5) John Stones (Everton to Manchester City, August 2016, £47.5m)
A fee that, at the time, made him the most expensive English defender in history and whose departure caused ructions from Everton fans enraged at the sheer modern football disgrace of a player moving to a bigger and better club because money had changed hands, unlike their own acquisition of Stones from Barnsley three years earlier which was quite different actually because reasons. Initially struggled to adapt to life at City and admitted to disappointment after his first season at the Etihad, both with his own performances and City’s lack of silverware. Both of those issues have been addressed in subsequent years, most notably during a title-winning run of genuinely great form alongside Ruben Dias in 2020/21.
4) Riyad Mahrez (Leicester to Manchester City, July 2018, £60m)
Still get the impression that Mahrez is a slightly under-rated, unheralded member of City’s absurdly gifted attack and yet he really is as good and important as any of them. Assured of his place in Premier League folklore for his vital goalscoring and creating role in The Leicester Fairytale, but while nothing he could ever do with City or anyone else can match the sheer thrilling nonsense of that season, he has been first rate at City.
3) Kyle Walker (Tottenham to Manchester City, July 2017, £50m)
Hard to quite fathom now, but Pep Guardiola’s first Manchester City team ended up below Tottenham in the 2016/17 league table.

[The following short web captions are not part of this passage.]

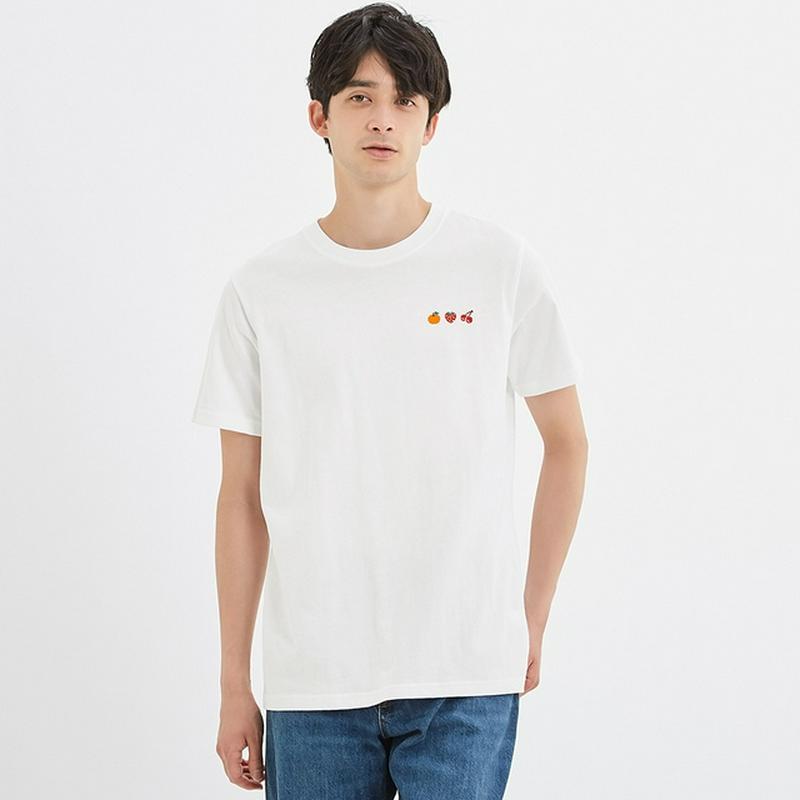 グラフィックT(半袖)PAC-MAN 7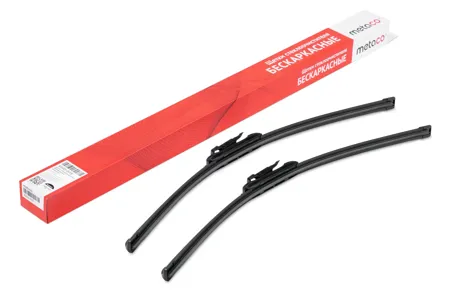 METACO 9502073 Щетки стеклоочистителя (к-кт)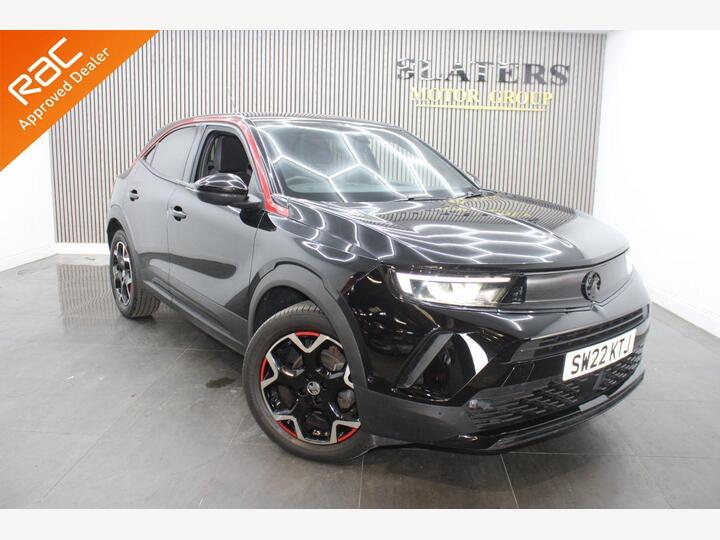 Vauxhall MOKKA 1.2 Turbo SRi Premium Euro 6 (s/s) 5dr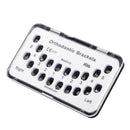 3 Hooks 0.22Inch Slot Orthodontic Mini Metal Bracket Orthodontic Straight Wire Hook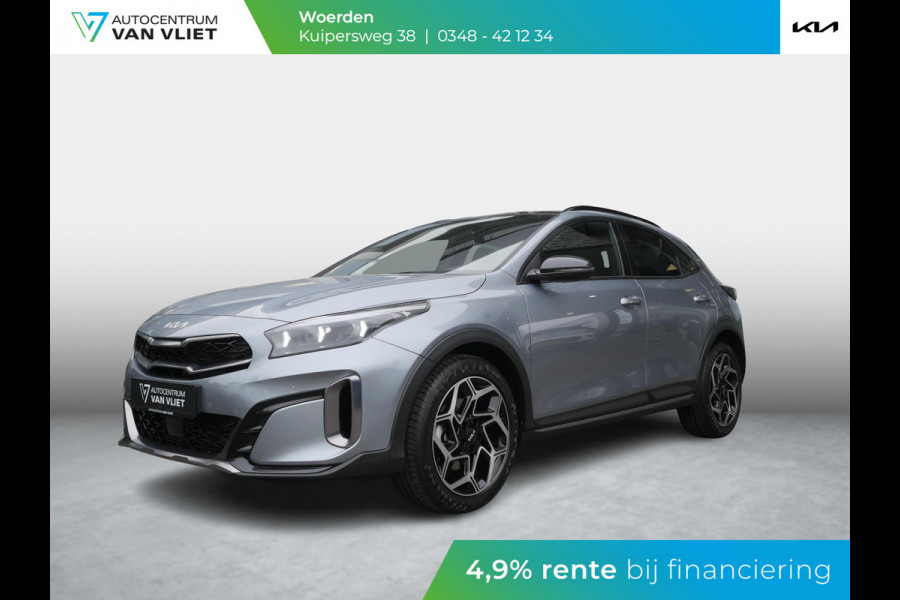 Kia Xceed 1.5 T-GDi GT-Line Schuif/kanteldak | Stoel & Stuurverwarming | Navi | Carplay | Camera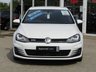 USED 2016 16 VOLKSWAGEN GOLF 2.0 GTD 3d 182 BHP Finished in PURE WHITE with contrasting GREY RETRO sports interior. This is a 3 Door classic HOT HATCH. Comes with LED run Lights, SAT NAV, DAB, Apple Car Play, B/Tooth, 18" ALLOYS, Cruise, Power Folding Mirrors and Park Sensors. Performance (GTD)as the name suggests is very lively and makes an Ideal quick Family Hatch. Dealer serviced at 23781 miles, 43714 miles, 62647 miles, 69724 miles,75882 miles and at 86596 miles. MOT due 3/8/2022.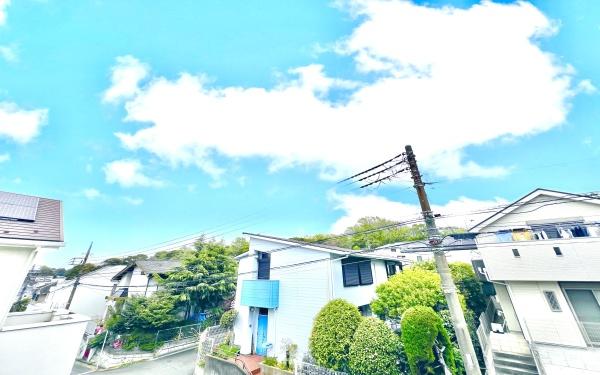 中区本牧荒井　２号棟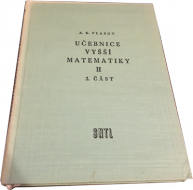 Učebnice vyšší matematiky II, 2. časť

One reason why that happened then and hasn’t really looked like doing so since was Kyle Walker, whose £50m move to City that summer looked at the time like paying over the odds for a right-back, albeit a really good one. Fair enough, because City needed a right-back and could afford to do it; it felt like a transfer deal that suited all parties. Still does looking back with five years’ hindsight, really, but just without the £50m looking in any way like an over-the-top sum for a crucial figure in four Premier League title-winning campaigns.
2) Raheem Sterling (Liverpool to Manchester City, July 2015, £44m)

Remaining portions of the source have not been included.